Second, client needs come in various forms. Some innovations will be client-driven (i.e. clients explicitly asked for “it”) and some innovations may answer latent needs that clients did not know they had. As Steve Jobs famously remarked, sometimes “people don’t know what they want until you show it to them.” Twitter would fall into this category.

Beyond ROI, let us consider the human aspect.

When comparing research and development activities, pure development is easier to understand: it feels somewhat safe. When in development mode, things are fairly certain: we know precisely what is being built and we know when it will be ready. This is something everyone can work with, and your colleagues can start planning all the associated activities involved (marketing, sales, deployment, customer service, etc. ).

Research, by contrast, is uncertain.

What is being worked on? Why? Can we see it? When will it be ready? You will not be able to satisfactorily answer these questions until the project is sufficiently mature. Secrecy is not a great option either though. Thus, managing expectations often generates a certain amount of frustration.


In the field of data science, research is necessary for a variety of reasons, including:

Keeping up with the technology pace.

Software is evolving faster than ever on all fronts of the data science domain – be it storage and access, analysis and algorithms or data visualization. Hadoop was first released in 2006, which was the same year that deep learning kicked off. In the last 10 year, many powerful tools have appeared (Cassandra, MongoDB, D3, AngularJS, etc.). The potential for efficiency gains is substantial, and it requires constant experimentation to bring these technologies into your business environment. Good news: costs are low. The advent of open-source software has been creating larger and ever more passionate developer communities. As a result, some of the best software available today is free. (Go ahead and try it out!)

♦ Creating new revenue streams

Data sets will keep on expanding. Bigger data – both in volume and variety – leads to more opportunities for inventing new products and services. Entire lines of business may emerge as a result of solving data needs. The best example is Amazon Web Services which started 15 years ago and grew to a projected $13 bn revenues this year. In many industries, it has become the norm to “monetize” the data and analytics expertise.

Improving user experience

UX is a major differentiator in the digital world. Data science helps understand what, when and why something is needed through A/B testing, mapping consumer journey, speech or text processing, segmentation and other techniques. Getting the UX right is taking the friction out of the human-product interaction and has the potential to bring in the “Wow” factor for consumers.

Predicting outcomes

The ability to foresee results under different “what-if” scenarios is increasingly critical to all aspects of business – from finance to operations, legal, marketing or communication.
All of the above applications require heavy experimentation, and there are very few data science activities whose result is perfectly determined beforehand. Often a data scientist may work on many little “silly” exercises before tackling one large-scale challenge. Taken in isolation, none of the toy exercises is really worth it. However, put them all together and it is easy to see that the probability to find something great multiplies considerably.
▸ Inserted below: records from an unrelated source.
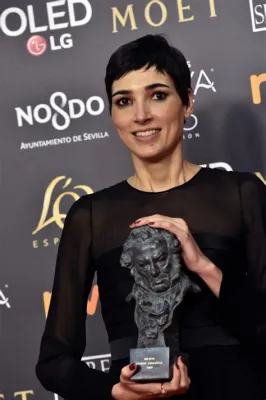 Der Goya Award 2019 für den besten Spielfilm: Eine Analyse der komplexen politischen Landschaft Spaniens durch Pedro Almodóvars Leidi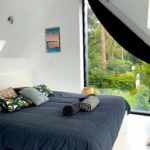 Le Carré vue Mer, chambre en location avec grandes ouvertures sur l'extérieur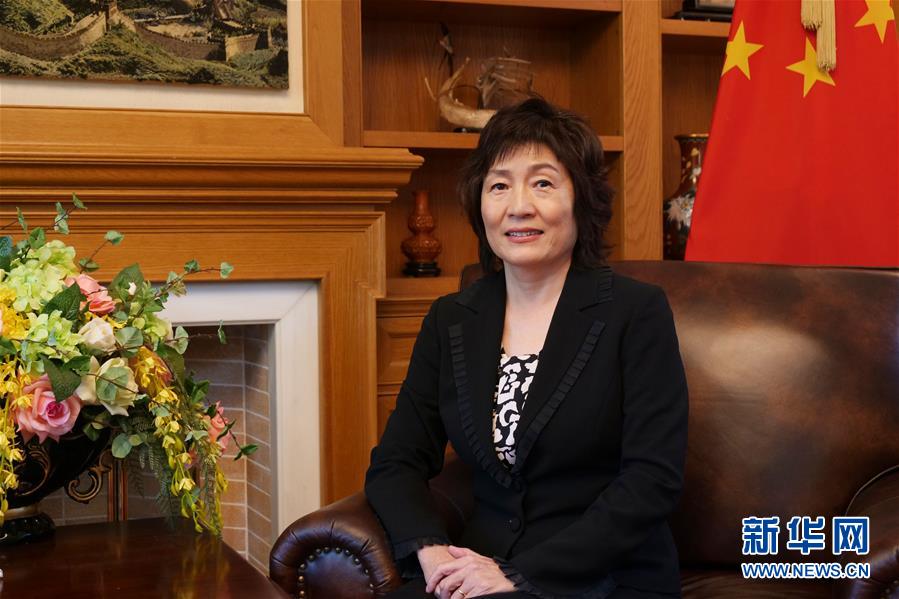 （習近平出訪配合稿&middot;圖文互動）專訪：中希關系已成為不同國家間和平相處、合作共贏的典范&mdash;&mdash;訪中國駐希臘大使章啟月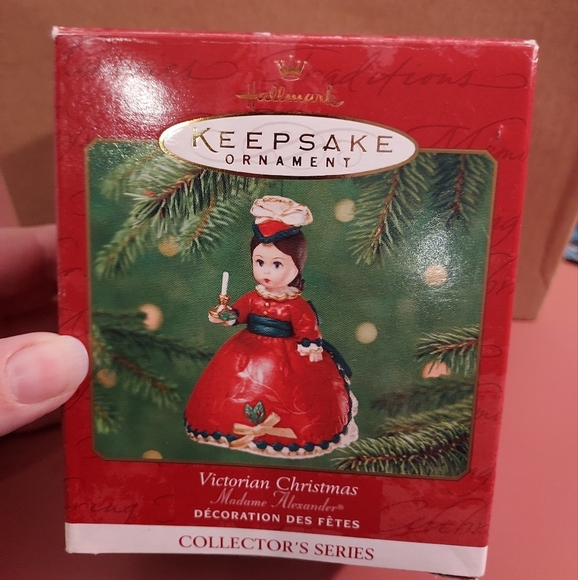 Hallmark Keepsake Ornament 2001 Victorian Christmas Madame Alexander Series - Picture 8 of 11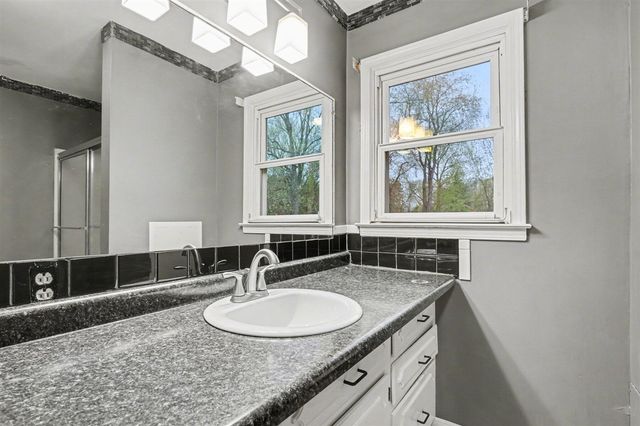 3426 Meadowcroft Avenue, Kalamazoo, MI 49004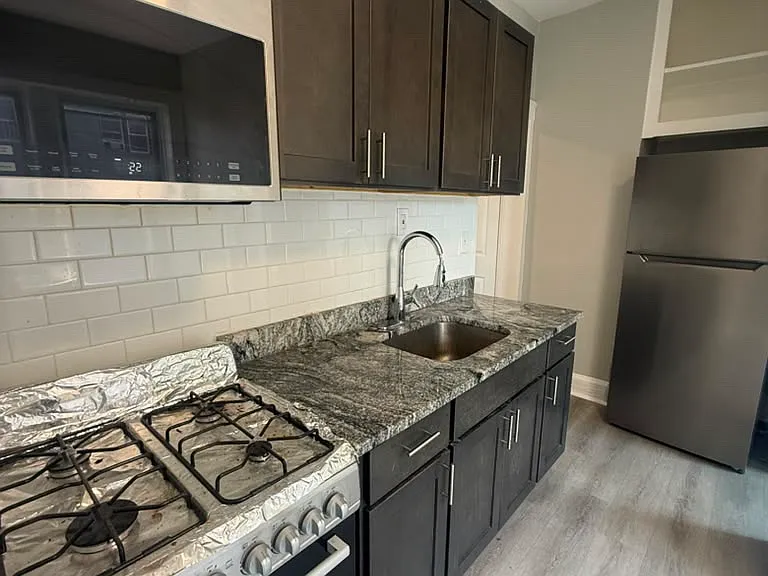 248 Orange Pl #25 — Photo 4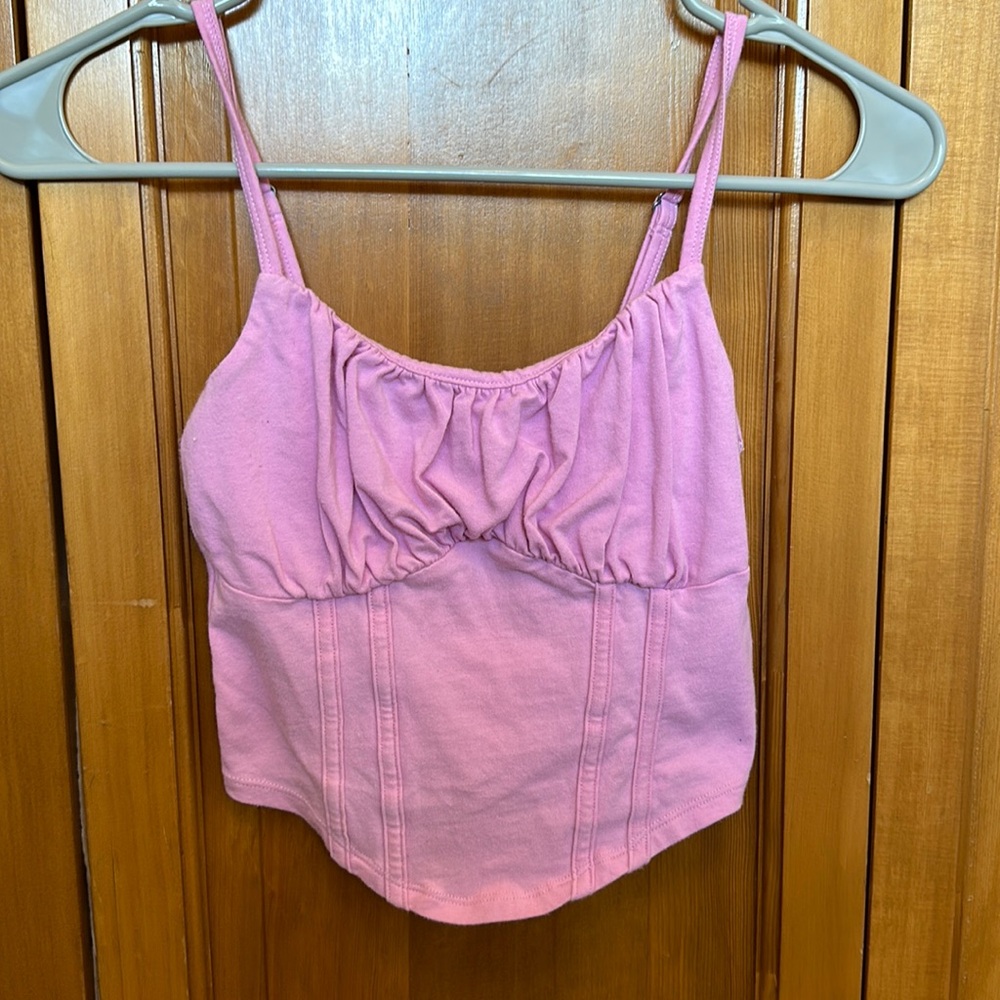 pink cropped tank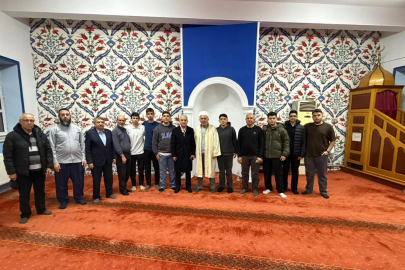 Kırklareli Valisi Teravih Namazını Öğrencilerle Kıldı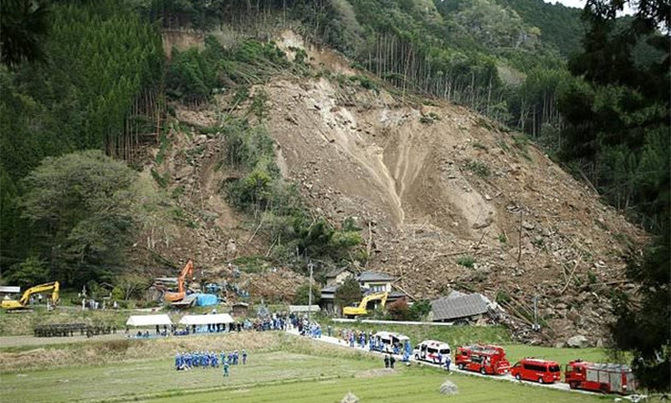 One killed as landslide engulfs houses in Japan One killed as landslide engulfs houses in Japan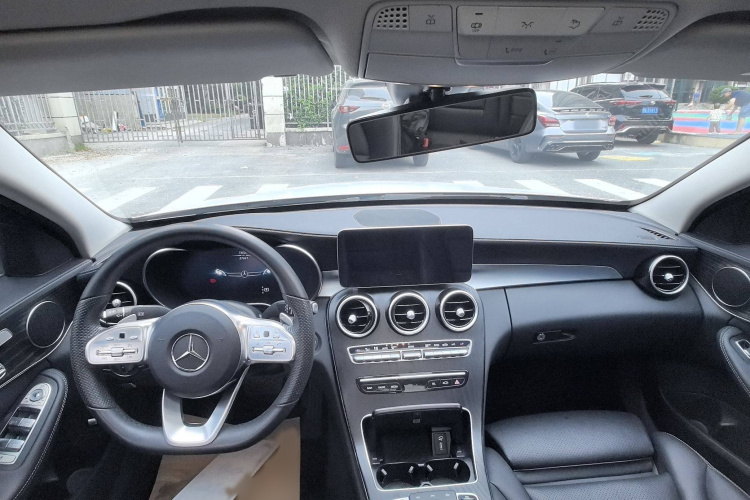 奔驰C级 2021款 C 260 L 运动版中控内饰7001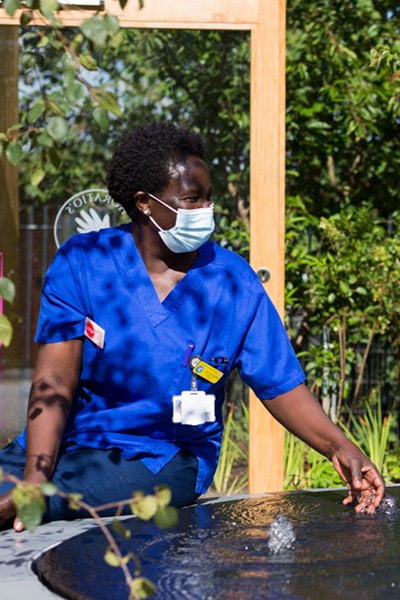 Therapeutic support and recovery in spinal injury centre gardens
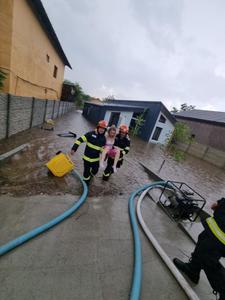 Prahova: Sute de consumatori fără curent electric şi inundaţii în mai multe localităţi în urma furtunii/ Doi oameni, salvaţi de pompieri din imobile inundate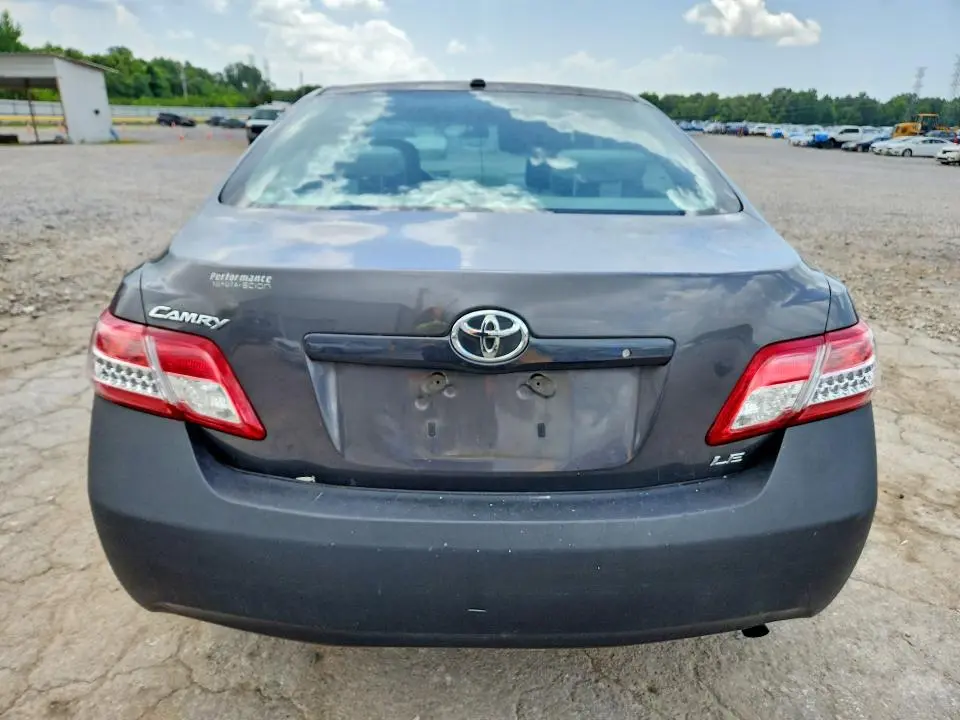 2011 TOYOTA CAMRY LE  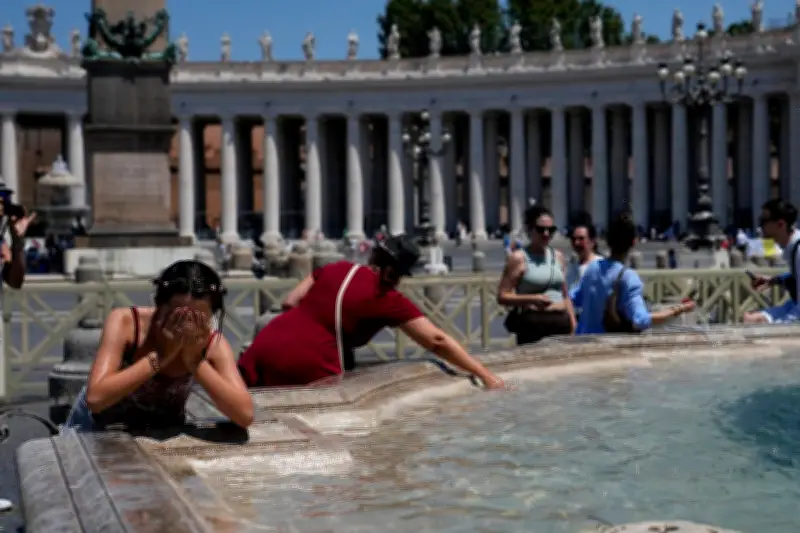 France records 1,000 excess deaths in record Europe heat wave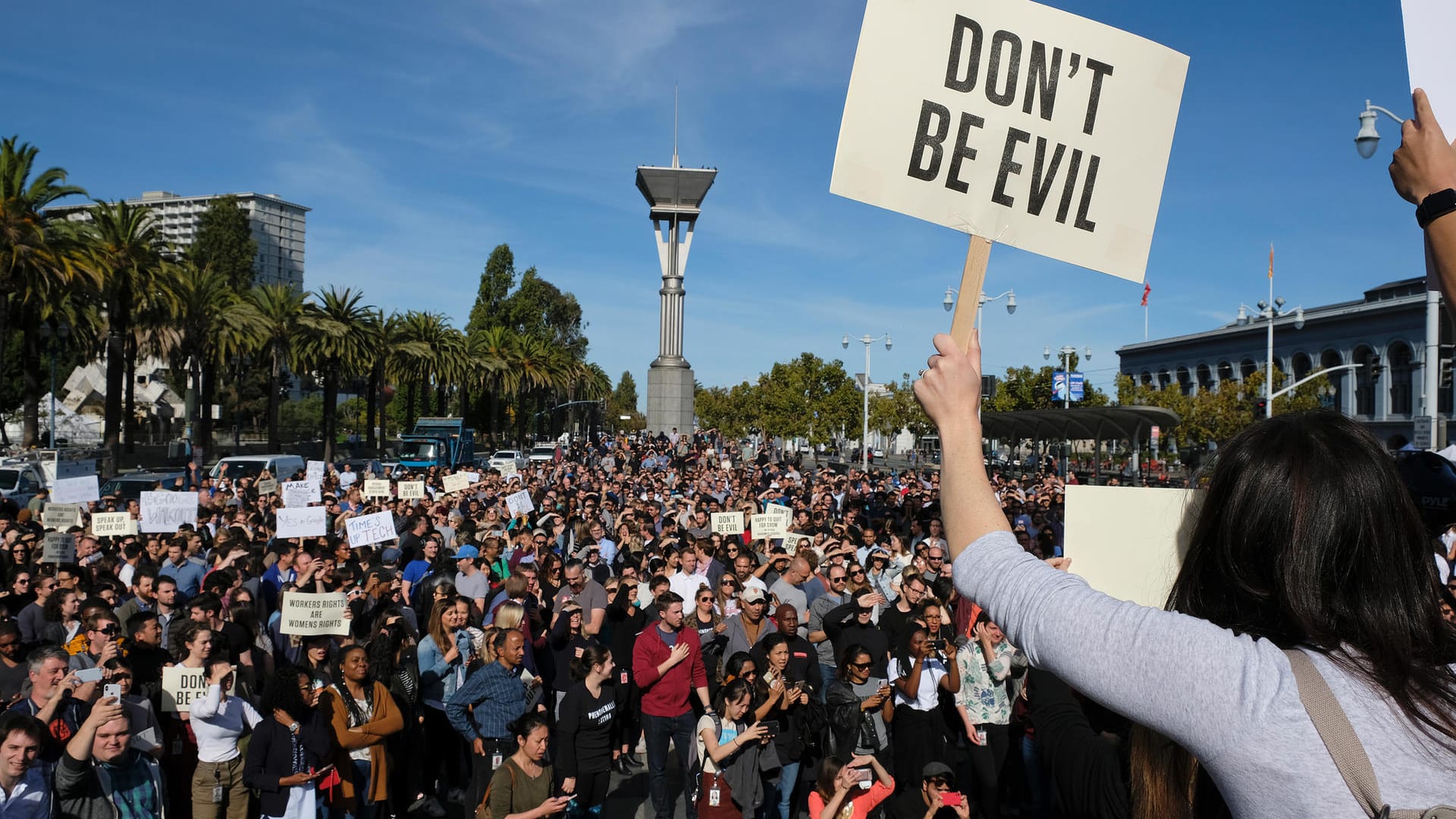 Google-Protest: Zehntausende Google-Mitarbeiter verließen am Donnerstag, den 8. November aus Protest gegen sexuelle Belästigung ihren Arbeitsplatz. Google-Protest: Zehntausende Google-Mitarbeiter verließen am Donnerstag, den 8. November aus Protest gegen sexuelle Belästigung ihren Arbeitsplatz.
Let’s go back to the initial question: “What problem are you solving?”. Beyond the project at hand, this question may indicate a lack of sufficient communication around the need for doing research in general.

Whether you are an individual contributor or a team leader, it will help if you make a case for research very early on by explaining the probabilistic nature of success. For instance: “We will try 10 different things with the expectation that 3 will work out and that 1 will very likely pay off”.

Second, it will also help if you convey the big picture, beyond the scope of the project discussed. For instance: “We will try to understand the time of purchase, but the bigger theme here is Know Your Customer: a key ingredient to Marketing”.

Finally, great ideas can emerge not only from your existing customers but also from other industries, academic research, conferences or books. As long as you fail reasonably fast, there is little harm in experimenting!